Research papers on Endymion by John Keats can focus on the romantic aspects of the poem, the Miltonic style of the poem or you may want to compare and contrast Keats' romantic works versus his other styles. Paper Masters will explicate any John Keats poem you need explained in a custom research paper.
By the time Keats' long verse poem "Endymion: A Poetic Romance" was published in 1818, the Romantic program had largely been established and there were a number of artists working in romanticism in literature. Despite the fact that "Endymion" embodies many of the Romantic preoccupations, it was harshly criticized upon publication, and Keats later abandoned the Miltonic style that he had employed throughout the poem. Literature research papers on Endymion illustrate that Keats was one of the greatest of Romantic Poets.
Keats' greatest romantic poems include:
- Ode to a Nightingale
- Ode on a Grecian Urn
Although his later works were written in a more organic mode, Keats did not abandon the principle thematic concerns of Endymion. Clearly, one of the chief preoccupations of the poem is with romantic and erotic love. Another important theme in the poem is the quest for ideal beauty and love. The romantic and erotic love in Endymion is represented in a way that signals not only the heightened sensuality of Romanticism, but also the linkage between romantic and erotic love and the creative process and the power of the imagination to change the parameters of the experienced world. Endymion's quest for love is equated with the creative imagination and its constant search for enlightenment, which is embodied physically in this poem through the recurrent images of sun and moonlight. In this way, Keats merges two of the major preoccupations of Romanticism, namely, the privileging of the sensual as well as the unique mechanism of the creative imagination.

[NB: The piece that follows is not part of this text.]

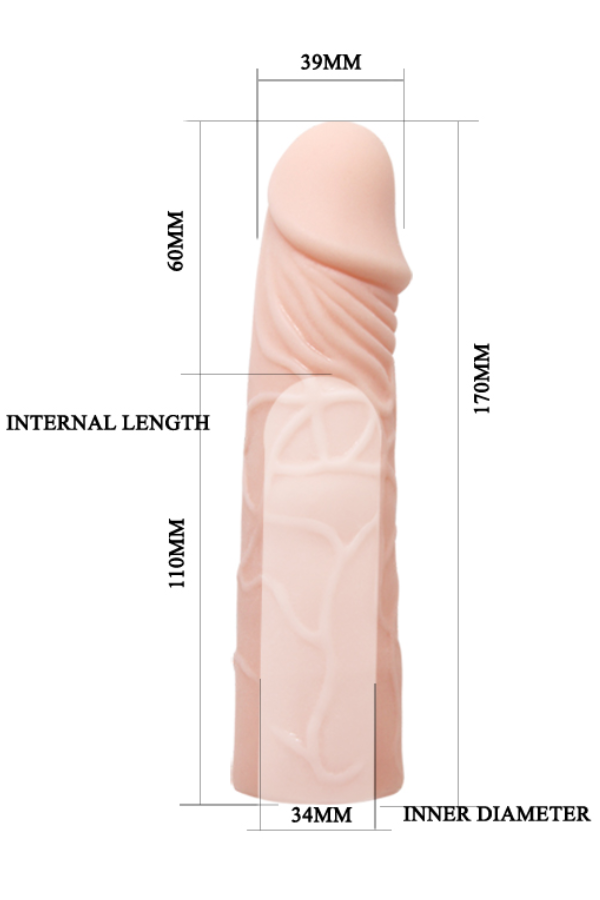 Funda Agrandadora Penis Men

Ideal beauty, which was a major theme throughout Keats' entire oeuvre, plays a major role in Endymion as well. Two significant interpretations can be made of the role of ideal beauty in the piece, both of which deal with the protracted Garden of Eden system of allegory that is present in the poem. As discussed previously, the longing for a past age or era is a trope that runs throughout Romantic art. This trope is represented in Keats' classical choice of subject matter, as well as in the repeated references to an idyllic state that resembles biblical descriptions of a prelapsarian Eden, the quintessential "golden era."